The Making of the new Fanta bottle
"The process of designing a bottle like this is very, very restrictive. We have multi-million-pound bottling production lines to think about. You’re working within a pre-agreed tube shape – if you pull capacity from one point, you need to add it in to another. You can’t take it out, without adding it in elsewhere," Bentley, packaging innovator at Coca-Cola Great Britain, said. "And of course, with a carbonated drink, the bottle has to be symmetrical, or it’ll bend."
Initially, London-based agency DrinkWorks proposed the spiral bottle idea. This would emphasize the "freshly squeezed taste" of the orange drink. However, that suggestion came in 2012. It took Coca-Cola and its team of researchers and designers five years to craft a single bottle. The process involved a surprisingly considerable body of study.

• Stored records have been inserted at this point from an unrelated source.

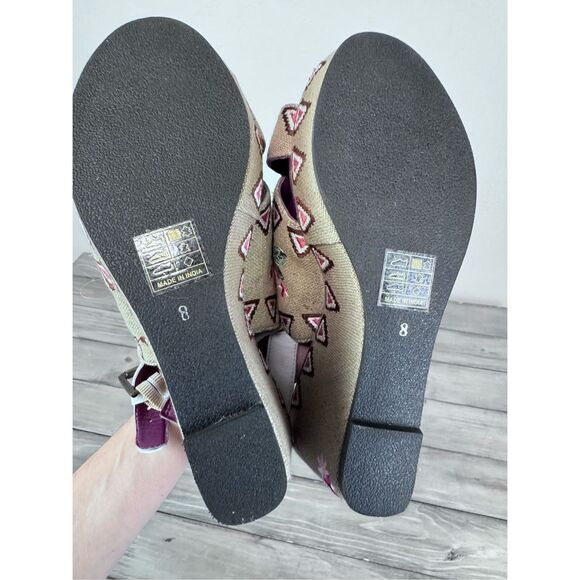 NWOT Sharif Andalusian Garden Women Embroidered Floral Boho Wedge Sandals Size - Picture 7 of 7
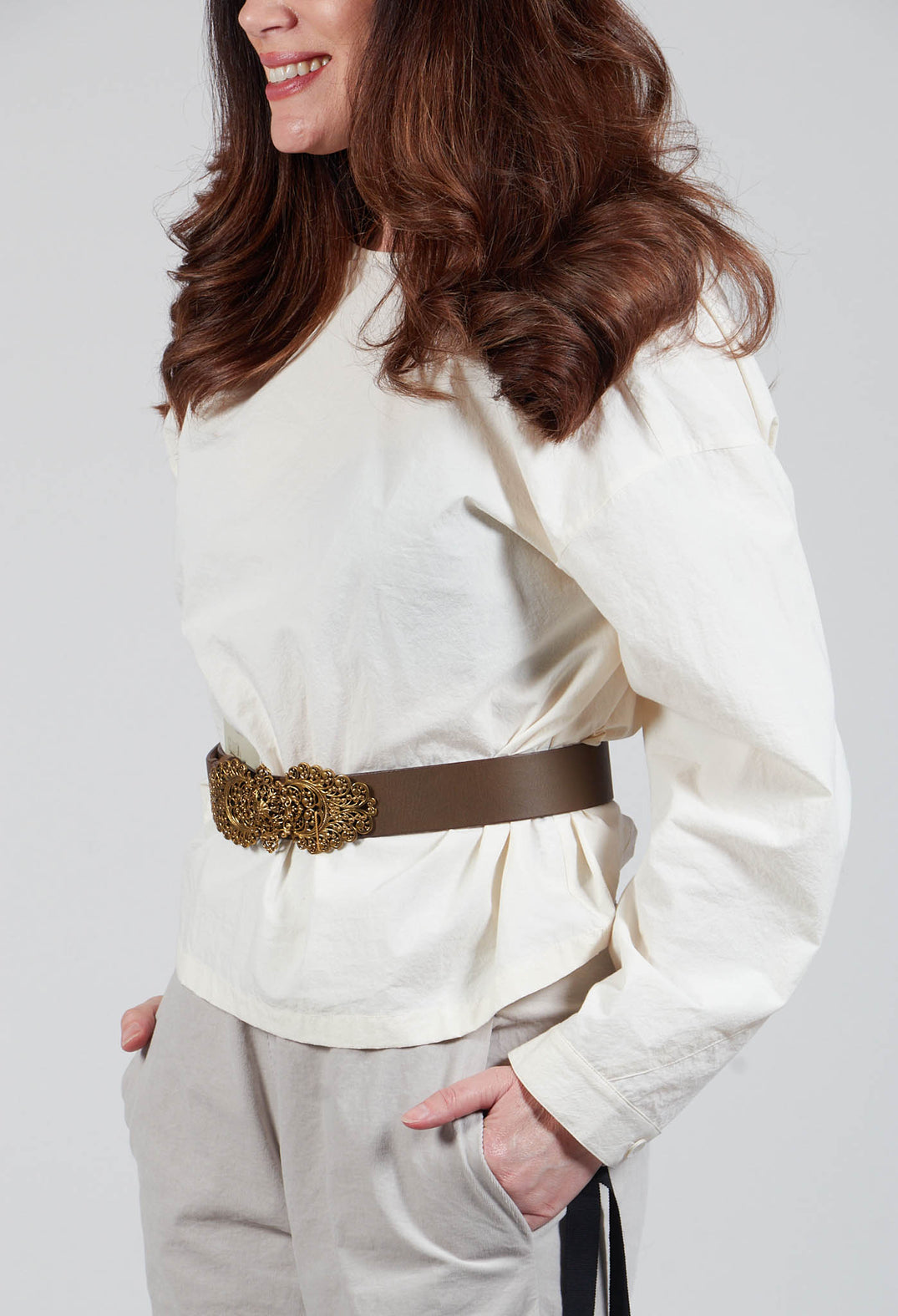 Belt with Ornate Plate Fastening in Khaki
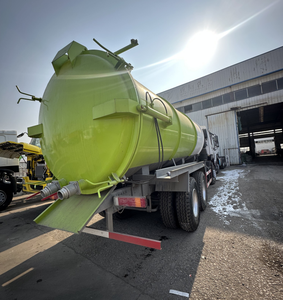 Camion de vidange des eaux usées HOWO 6x4 robuste de 20000 L avec pompe à vide pour l'aspiration des eaux usées, camion-citerne à vide pour égouts - Product Image 3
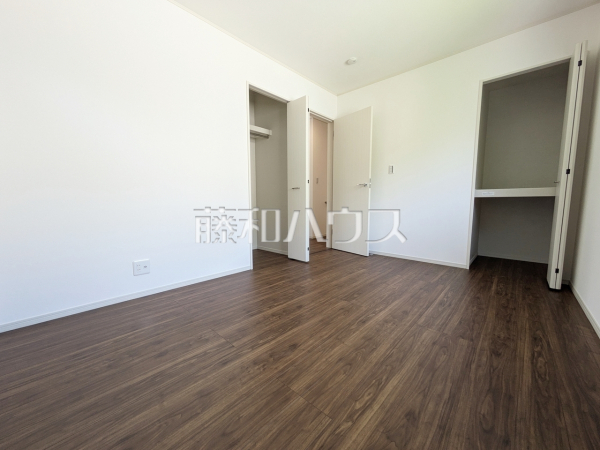 3号棟 居室 各居室にはクローゼットを完備し、家具を置くスペースが確保しやすい設計がされております。 【昭島市中神町2丁目】 3号棟 居室 各居室にはクローゼットを完備し、家具を置くスペースが確保しやすい設計がされております。 【昭島市中神町2丁目】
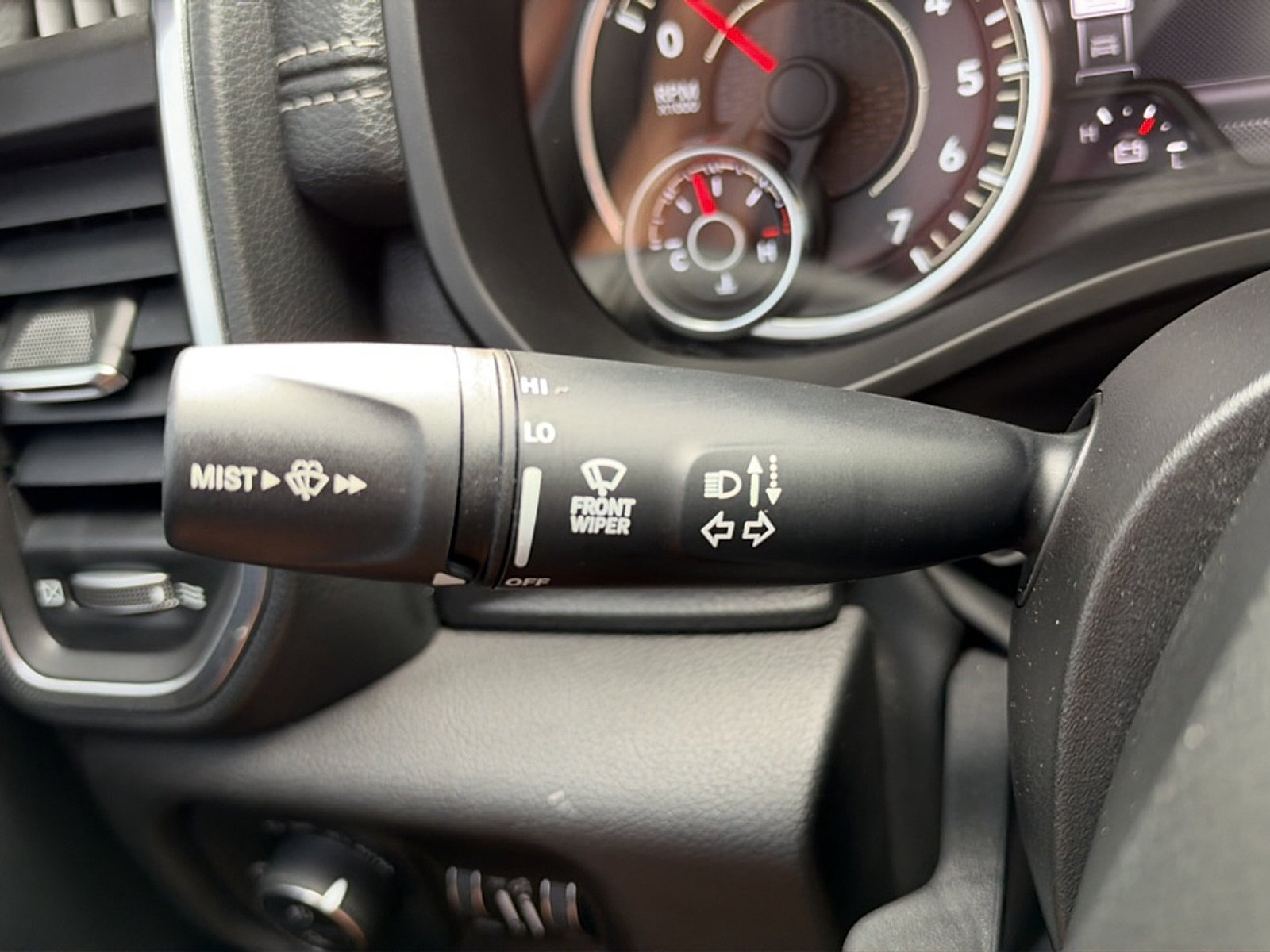Used 2023 RAM 1500 Laramie AWD/4WD image 31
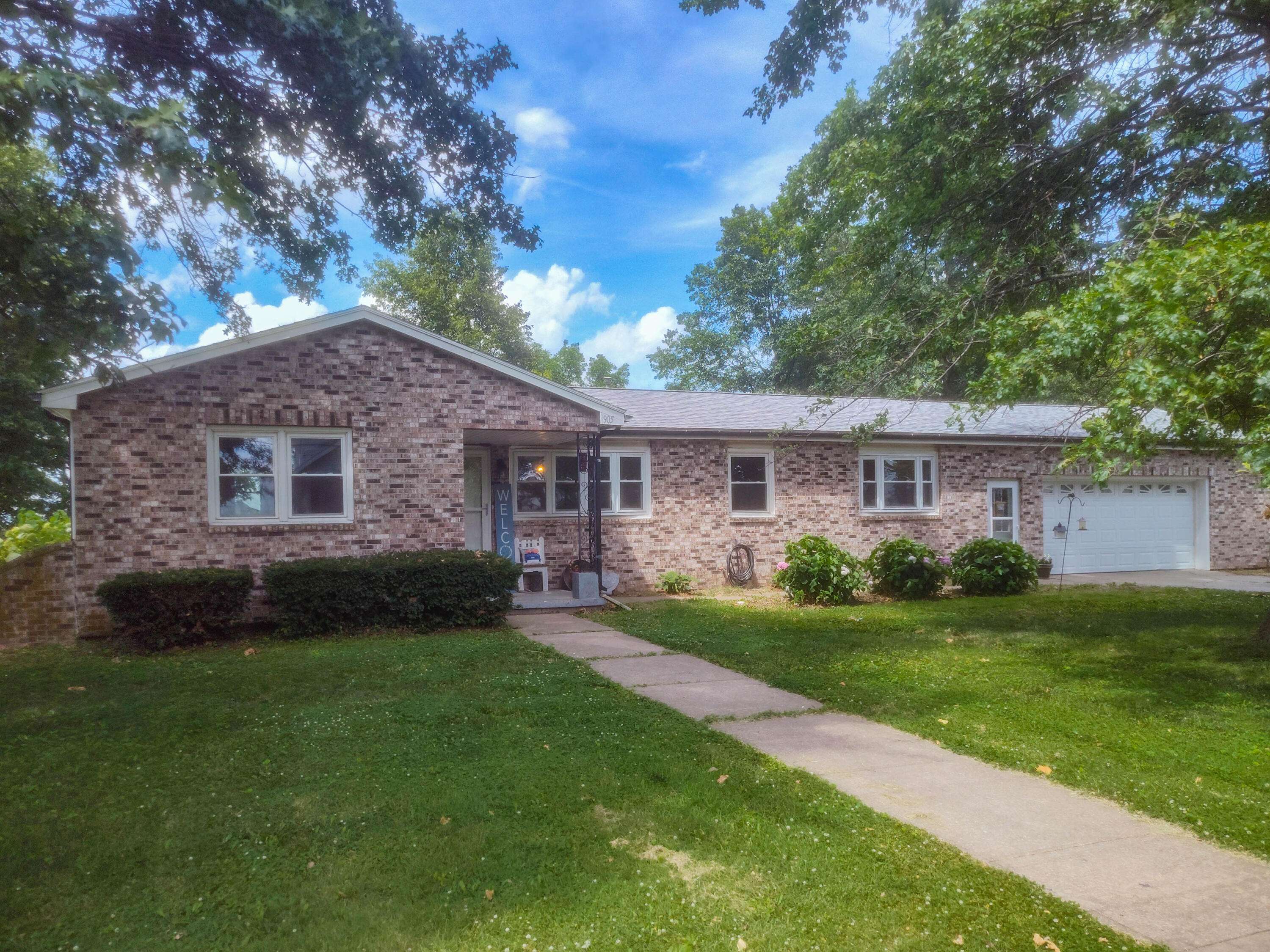 Slater, MO 65349,905 Grandview AVE
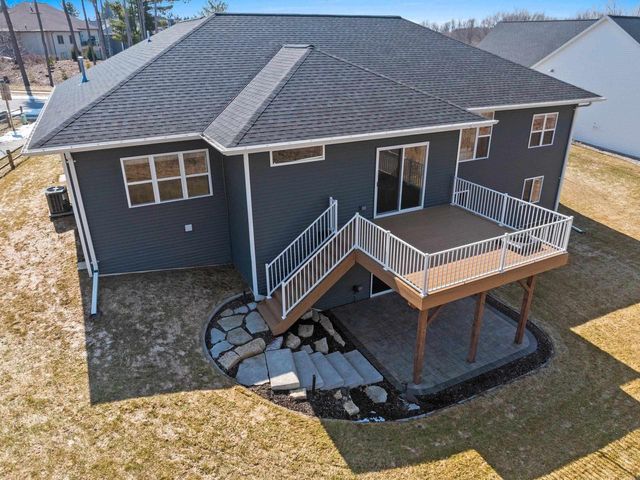 3738 RUSTIC HEIGHTS COURT, Howard, WI 54313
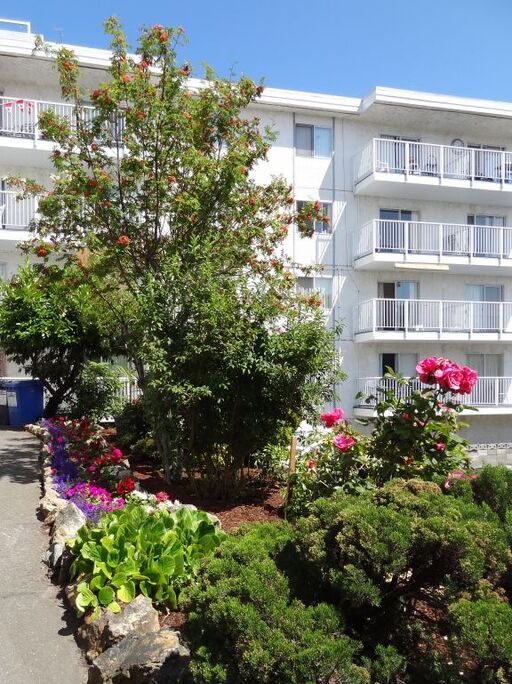 Royal Esquimalt Apartments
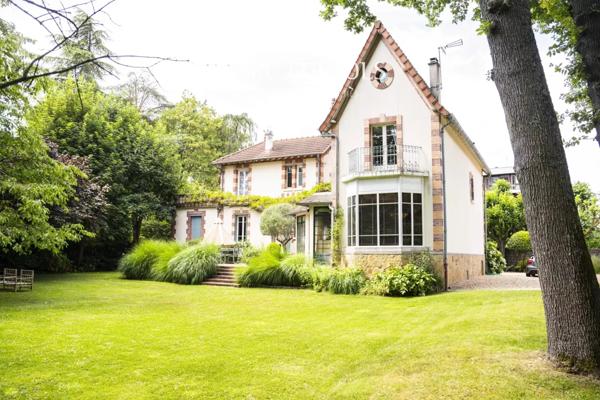 Garches – maison familiale avec jardin
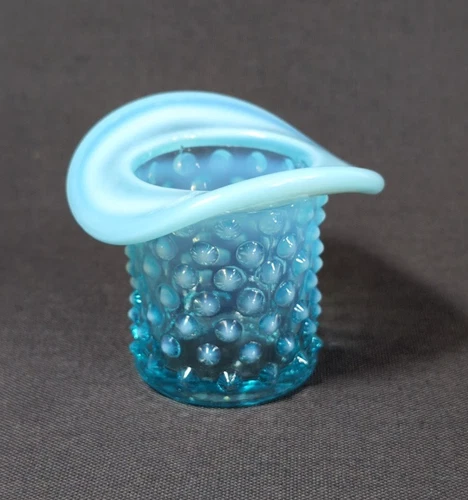 Vintage FENTON Blue Opalescent Hobnail Top Hat ~ Toothpick Holder / Vase 2.5"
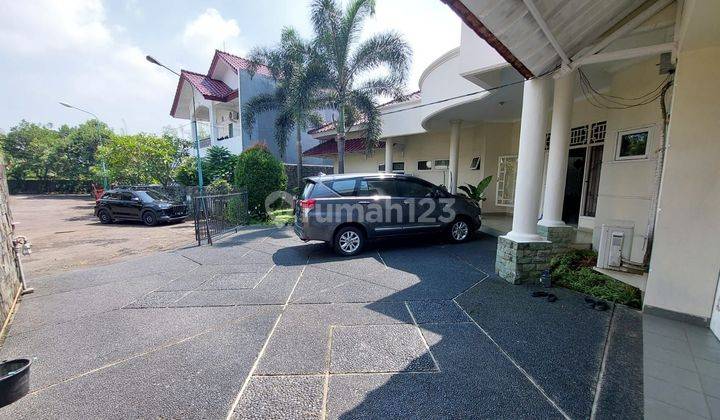 Rumah Hoek Taman Kencana Selangkah dari Jalan Pajajaran 2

"How people interact with a product is where we start a project," said Hardwick, creative director with Drink Works, "We got young people in a room, gave them fruit, carving kits, plasticine, play-do, pens, paper, told them to just play – make a mess! Observing people do what comes naturally when they’re thinking of a drink and oranges like this was incredibly insightful."
Those usages then had to compete with the actual physics of design. On average, there's more pressure inside a carbonated plastic bottled beverage than in a car tire. Any sort of deformation can compromise the strength of the plastic and cause the bottle to pop out in weaker spots. Trying to bring the 'twist' to reality would take a lot of effort. The design team also had to compete with a company that needed practical updates for marketing purposes.
"The reality from the start was that we all knew which one we wanted. We all had the same favorite. The problem was, there were just so many layers of people who said it couldn’t work," Bentley said. He continued by explaining that after years of research, the design remained a flop in the eyes of executives.
All of that changed in 2015 when the company's Italian design counterpart Marco Beggoiora reintroduced the twisted design in order to boost sales. According to Coca-Cola, within eight months, that design excelled and consumers enjoyed it.
The new look launched with a new taste as well. The 'fresh' recipe uses a third less sugar than traditional Fanta, all the more fitting for a 'slimmer' bottle.
"As well as a new visual identity, we’ve been working hard to reduce the sugar without compromising on the taste," said Aedamar Howlett, Marketing Director of Coca-Cola Great Britain. "We’re delighted to be launching this new look alongside a new recipe with a third less sugar than before – which consumers have told us tastes better than ever."
These bottles are already being sold in Italy, Poland, Malta, Serbia, Finland, and Romania. They've been in the UK since April, and they're set to hit a larger global market later this year. No word yet when it will hit the US, India, or other countries.